We do not provide a PyTorch implementation of our training pipeline. However, you may find one on GitHub, e.g., adversarial_robustness_pytorch (by Rahul Rade).
Gowal et al. (2020) use samples extracted from TinyImages-80M. Unfortunately, since then, the official TinyImages-80M dataset has been withdrawn (due to the presence of offensive images). As such, we cannot provide a download link to our extrated data until we have manually verified that all extracted images are not offensive. If you want to reproduce our setup, consider the generated datasets below. We are also happy to help, so feel free to reach out to Sven Gowal directly.

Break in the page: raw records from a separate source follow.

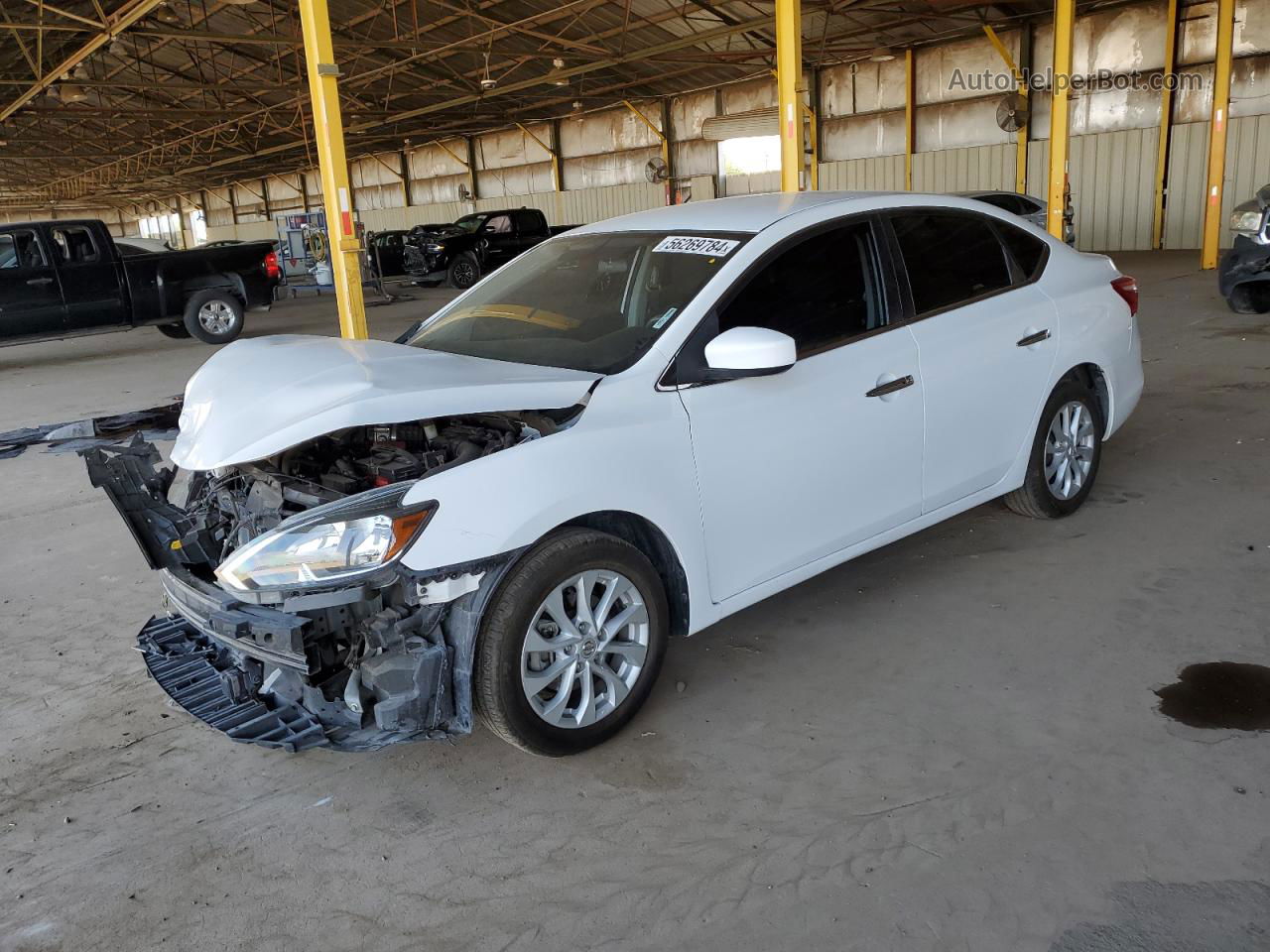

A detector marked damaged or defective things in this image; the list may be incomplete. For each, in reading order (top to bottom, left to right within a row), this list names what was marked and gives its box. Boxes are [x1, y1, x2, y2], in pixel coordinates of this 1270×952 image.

broken headlight assembly [213, 488, 437, 591]
detached hood [170, 337, 599, 470]
damaged white sedan [84, 193, 1143, 754]
damaged vehicle parts [84, 195, 1143, 758]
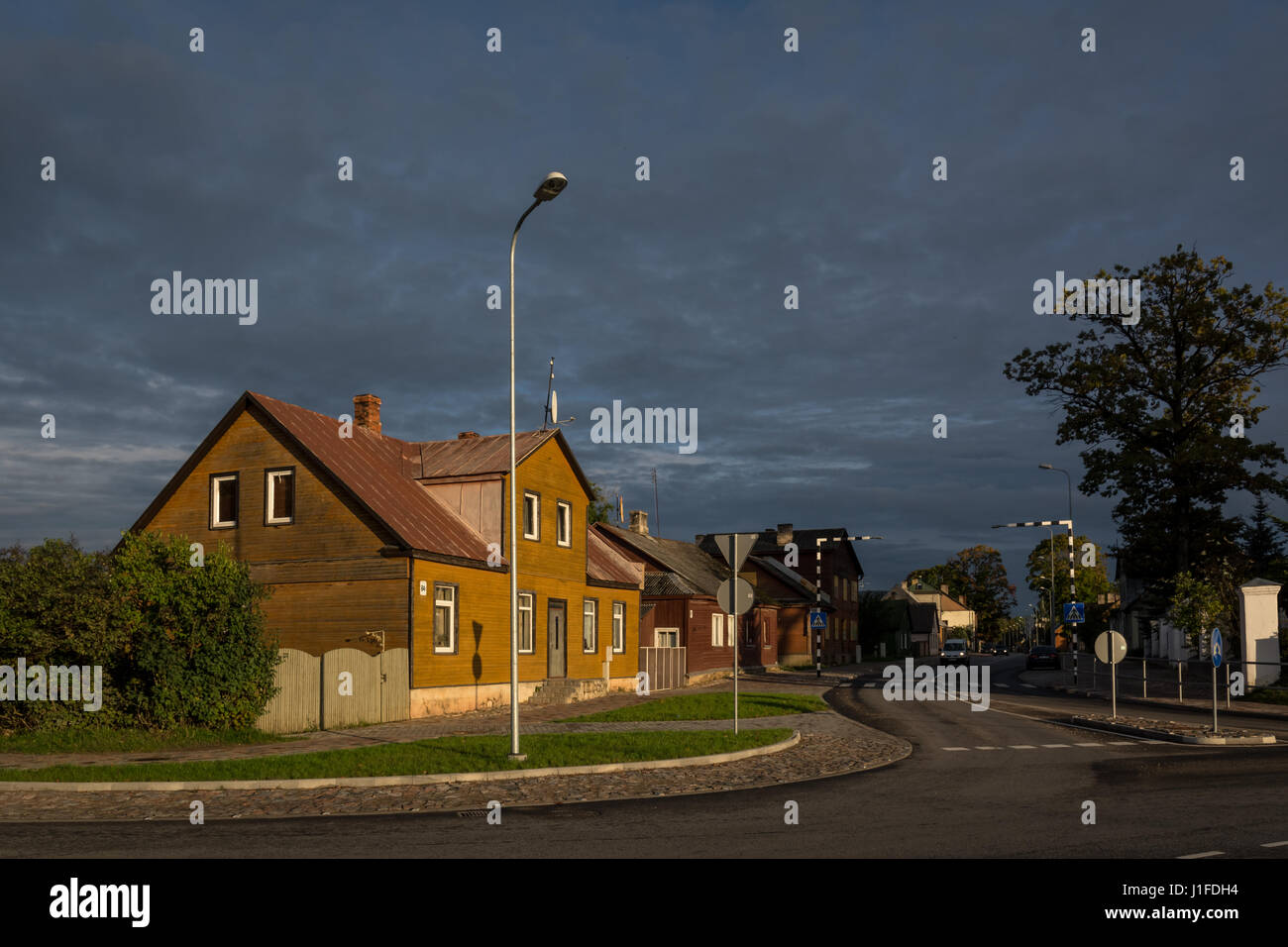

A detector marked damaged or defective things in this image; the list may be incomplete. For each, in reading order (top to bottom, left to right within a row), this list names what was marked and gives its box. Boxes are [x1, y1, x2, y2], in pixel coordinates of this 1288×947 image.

rusty metal roof [246, 391, 496, 562]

Rebuffi et al. (2021) use samples generated by a Denoising Diffusion Probabilistic Model (DDPM; Ho et al., 2020) to improve robustness. The DDPM is solely trained on the original training data and does not use additional external data. The following table links to datasets of 1M generated samples for CIFAR-10, CIFAR-100 and SVHN.
dataset | model | size | link |
---|---|---|---|
CIFAR-10 | DDPM | 1M | npz |
CIFAR-100 | DDPM | 1M | npz |
SVHN | DDPM | 1M | npz |
To load each dataset, use NumPy. E.g.:
npzfile = np.load('cifar10_ddpm.npz')
images = npzfile['image']
labels = npzfile['label']
If you use this code (or any derived code), data or these models in your work, please cite the relevant accompanying paper:
@article{gowal2020uncovering,
title={Uncovering the Limits of Adversarial Training against Norm-Bounded Adversarial Examples},
author={Gowal, Sven and Qin, Chongli and Uesato, Jonathan and Mann, Timothy and Kohli, Pushmeet},
journal={arXiv preprint arXiv:2010.03593},
year={2020},
url={https://arxiv.org/pdf/2010.03593}
}
and/or
@article{rebuffi2021fixing,
title={Fixing Data Augmentation to Improve Adversarial Robustness},
author={Rebuffi, Sylvestre-Alvise and Gowal, Sven and Calian, Dan A. and Stimberg, Florian and Wiles, Olivia and Mann, Timothy},
journal={arXiv preprint arXiv:2103.01946},
year={2021},
url={https://arxiv.org/pdf/2103.01946}
}
This is not an official Google product.